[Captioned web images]
-=-=-
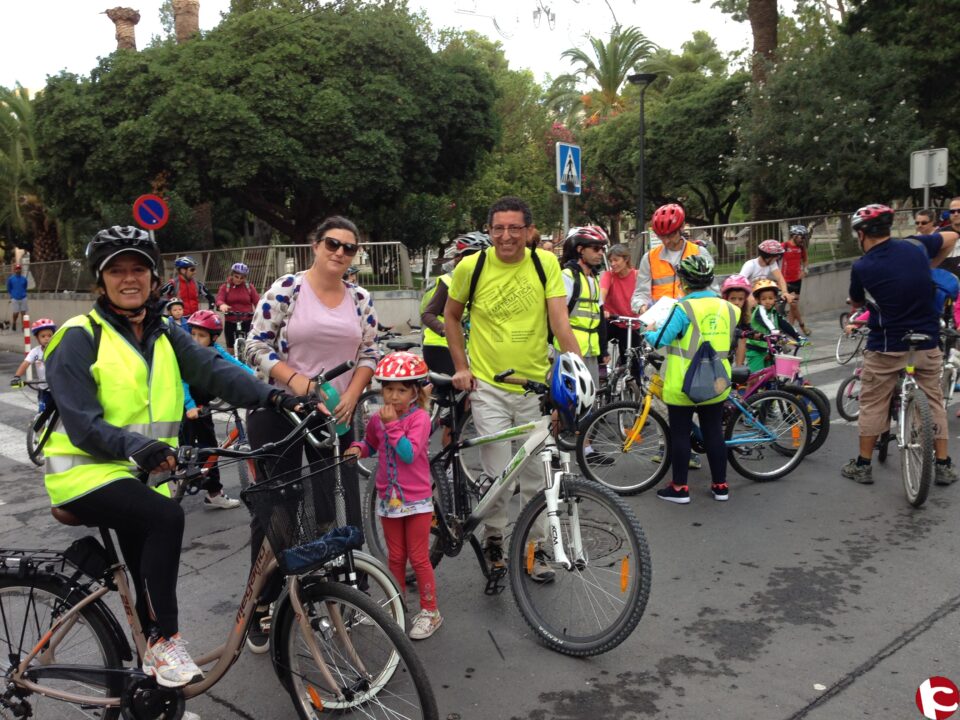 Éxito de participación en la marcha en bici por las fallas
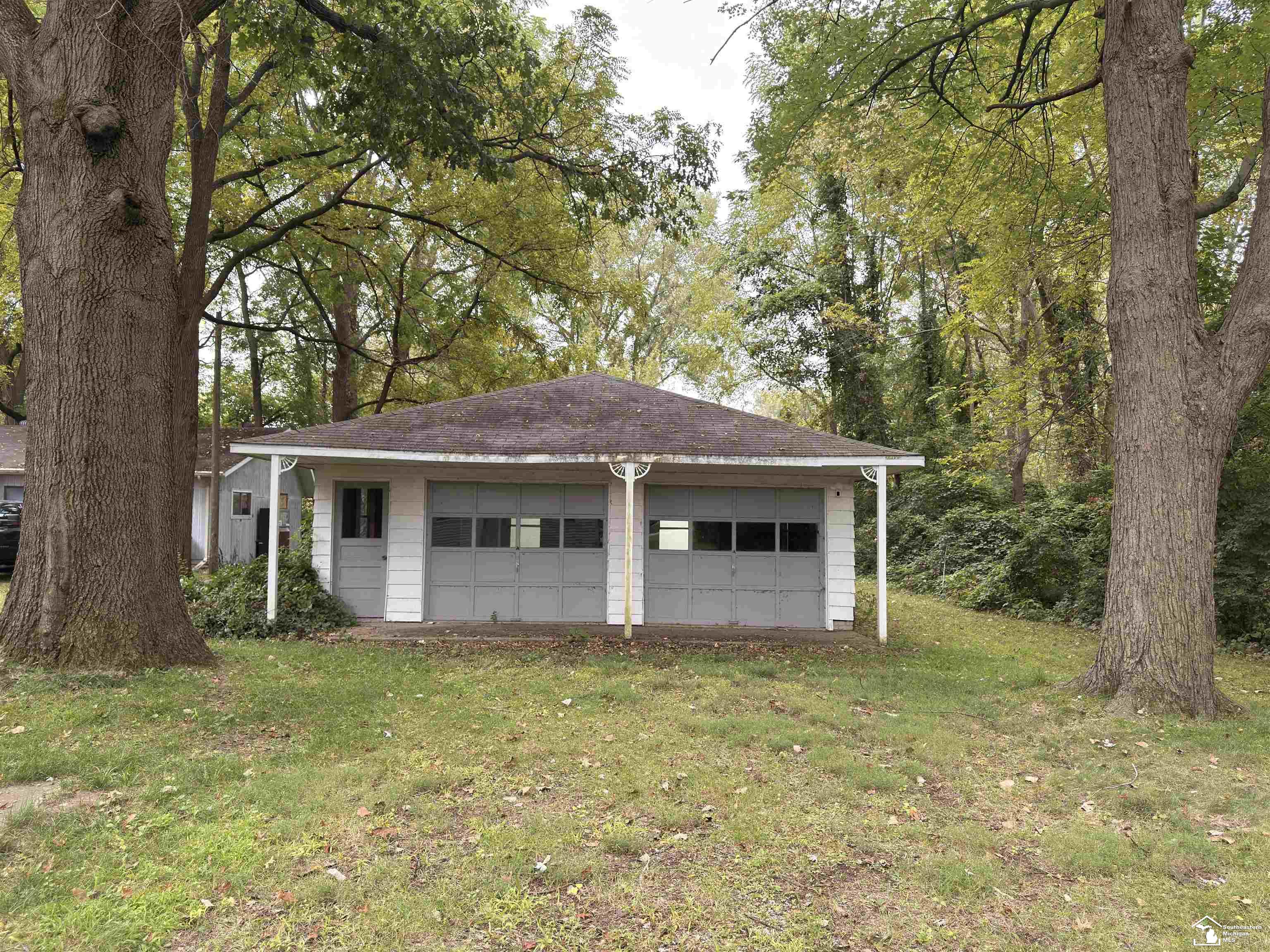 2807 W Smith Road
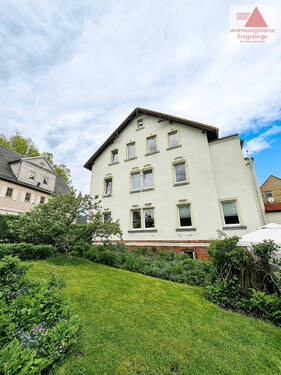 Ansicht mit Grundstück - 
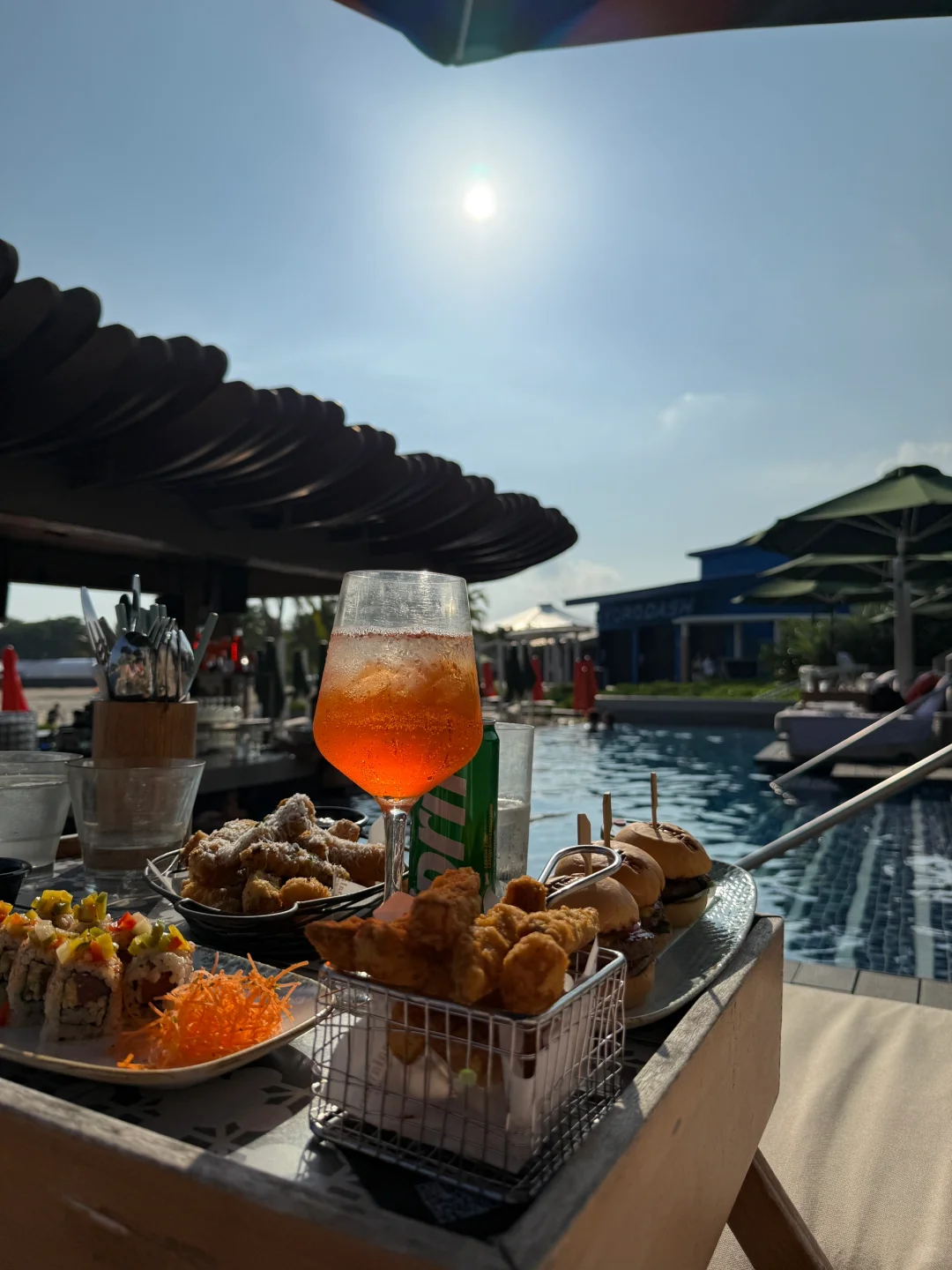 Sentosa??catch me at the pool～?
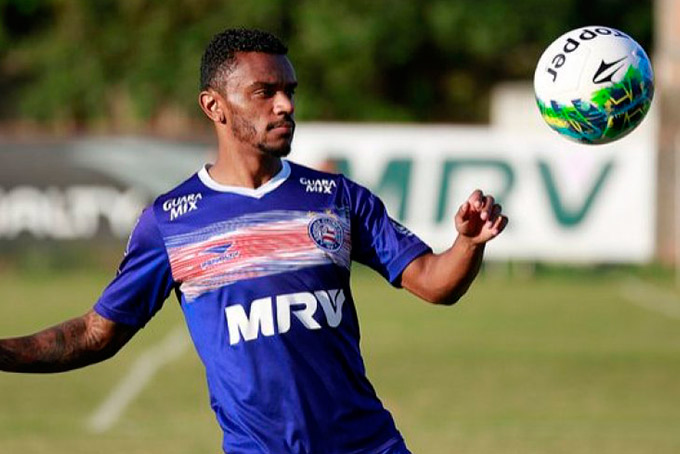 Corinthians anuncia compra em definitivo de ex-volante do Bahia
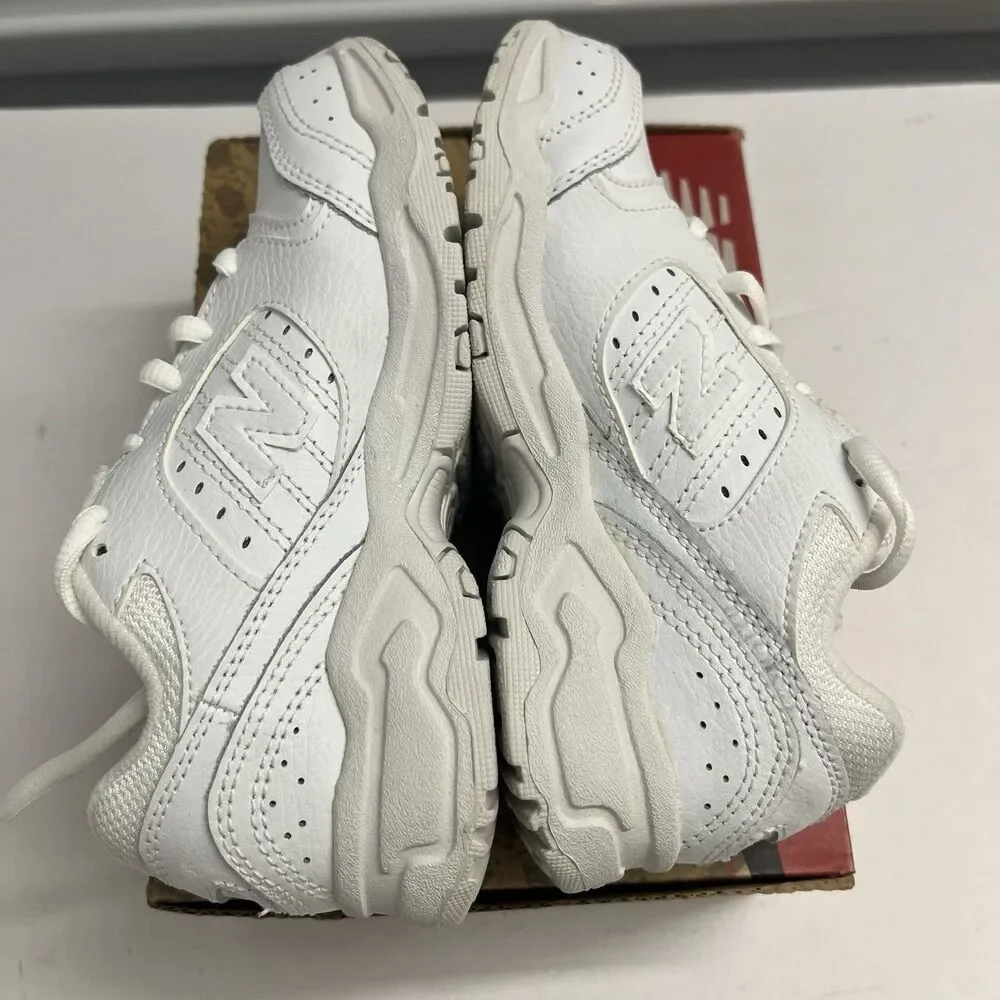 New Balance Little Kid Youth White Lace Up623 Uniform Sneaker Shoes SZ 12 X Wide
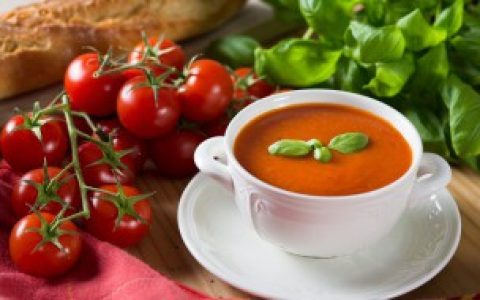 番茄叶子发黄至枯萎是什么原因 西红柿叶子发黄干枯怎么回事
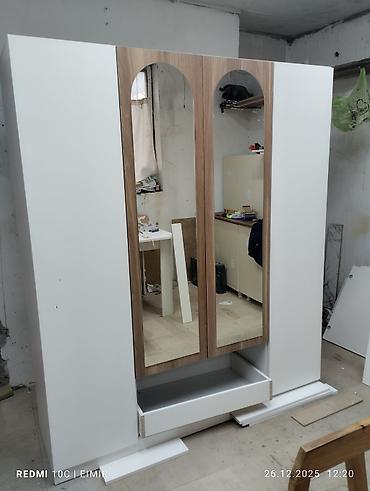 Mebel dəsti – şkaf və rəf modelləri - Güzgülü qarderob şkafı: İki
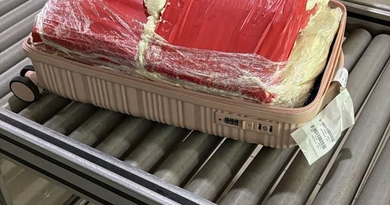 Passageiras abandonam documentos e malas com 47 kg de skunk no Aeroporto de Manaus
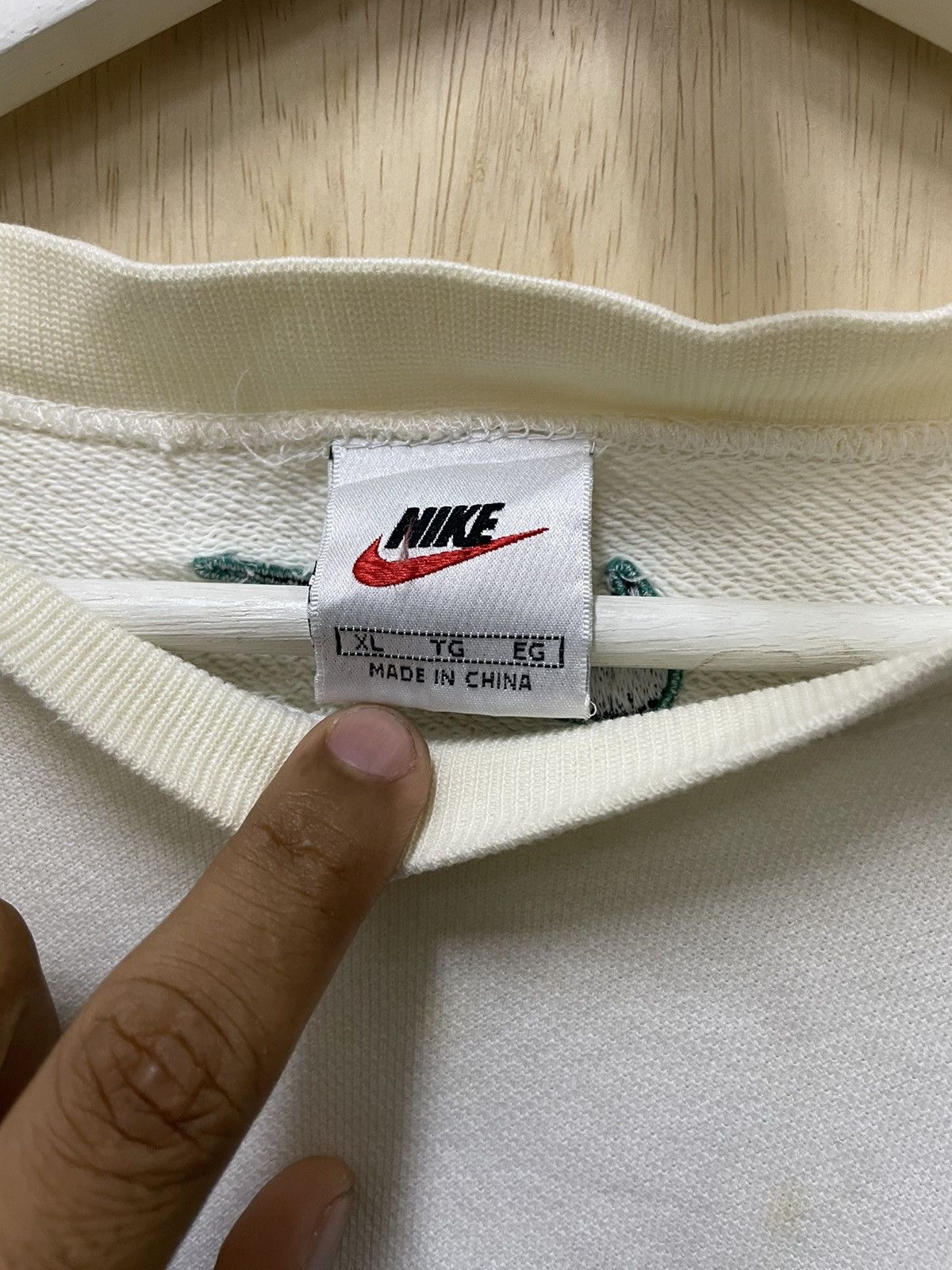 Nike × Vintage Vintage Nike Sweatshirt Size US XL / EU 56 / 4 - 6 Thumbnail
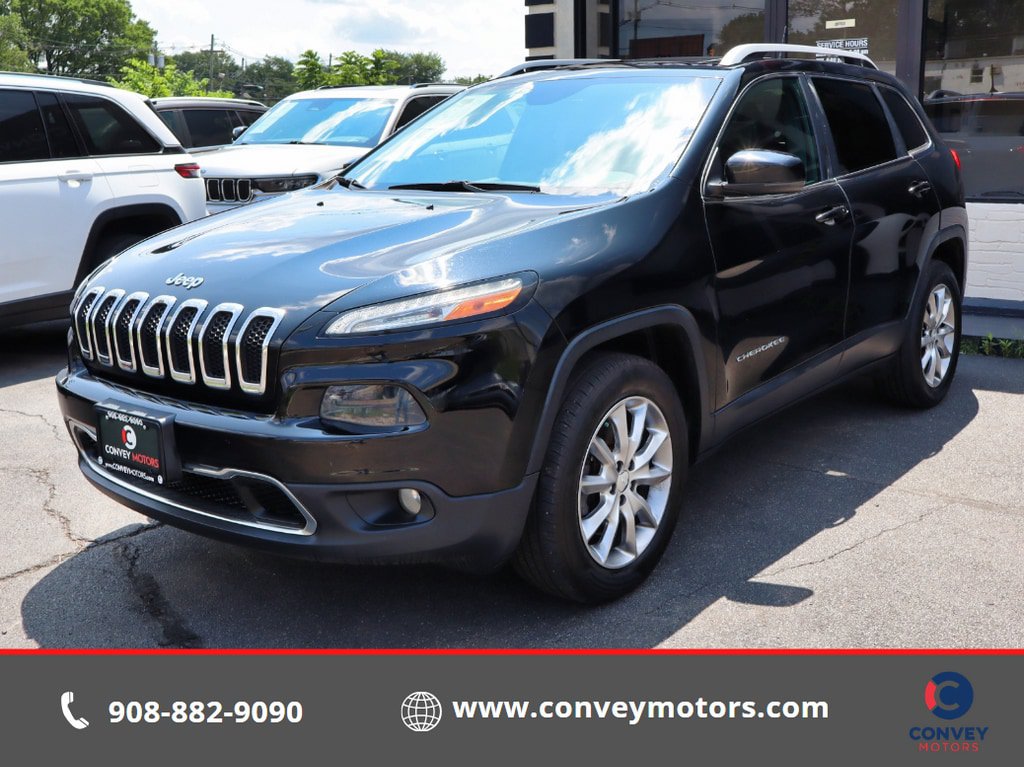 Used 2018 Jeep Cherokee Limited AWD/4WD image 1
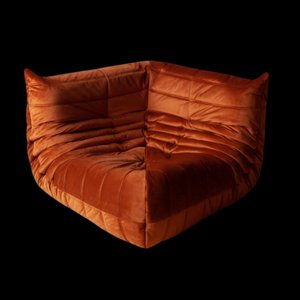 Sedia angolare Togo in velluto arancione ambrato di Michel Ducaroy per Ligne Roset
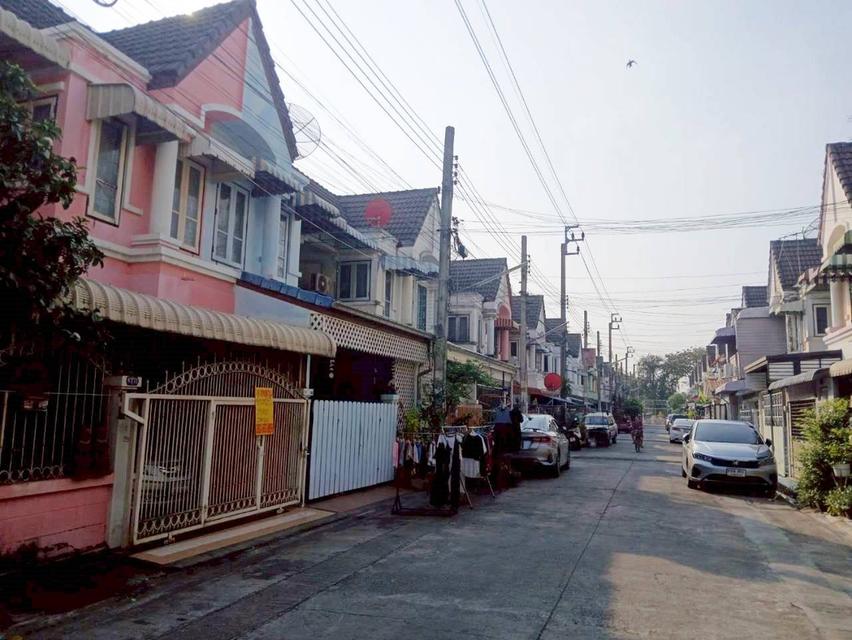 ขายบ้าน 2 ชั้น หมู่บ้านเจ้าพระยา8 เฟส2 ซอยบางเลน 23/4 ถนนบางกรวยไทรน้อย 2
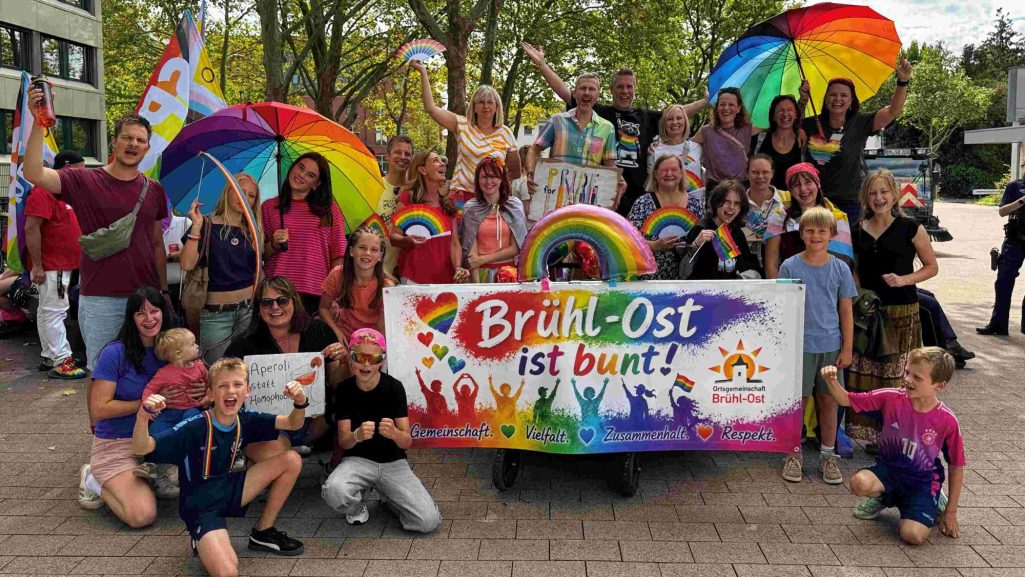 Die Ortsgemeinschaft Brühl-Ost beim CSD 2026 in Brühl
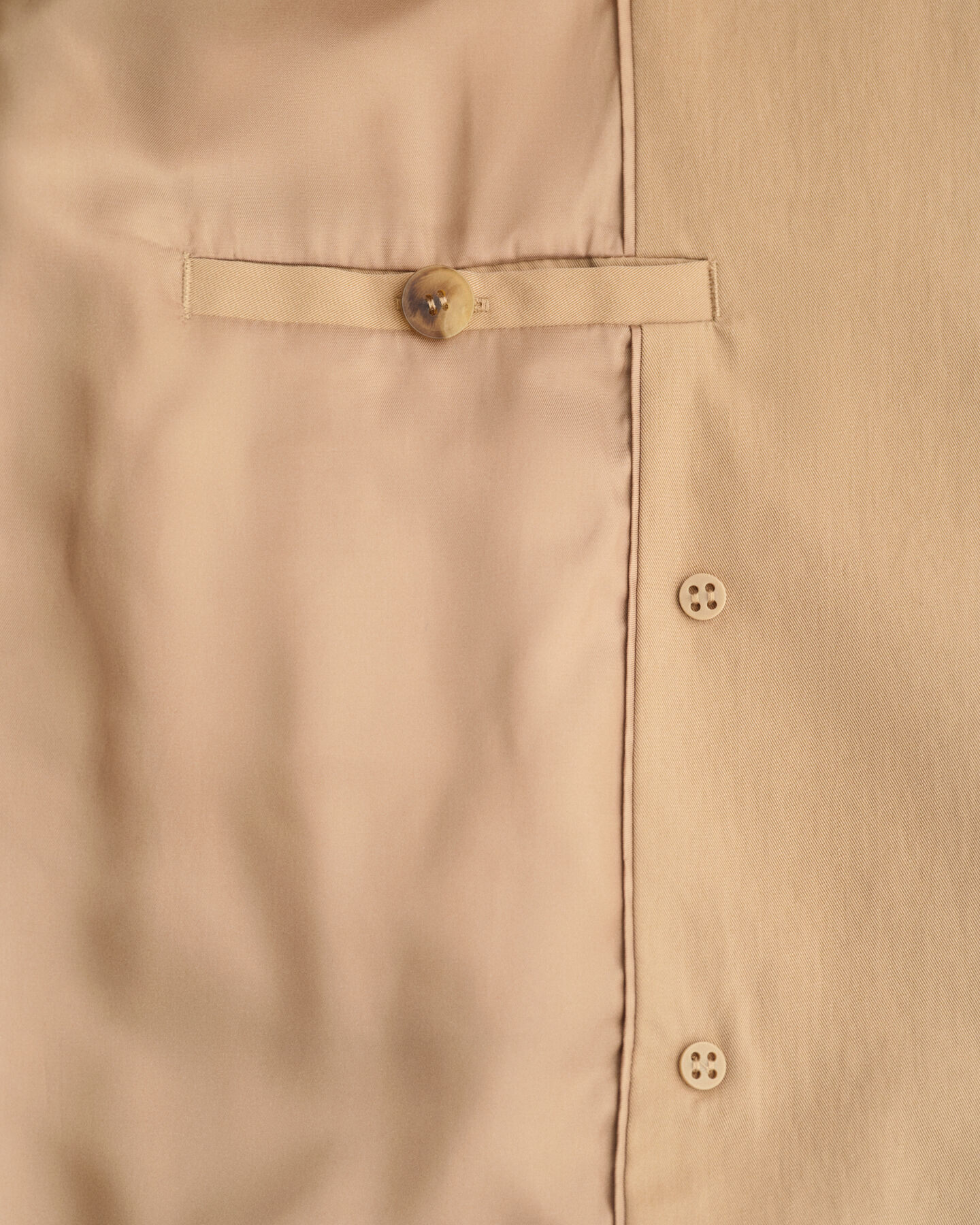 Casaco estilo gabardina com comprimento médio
-=-=-
Task.
Omitting all pictures, restate word for word the lines from the one containing "Die Ortsgemeinschaft Brühl-Ost" through the last line of the data.

Problem solution.
 Die Ortsgemeinschaft Brühl-Ost beim CSD 2026 in Brühl
 Casaco estilo gabardina com comprimento médio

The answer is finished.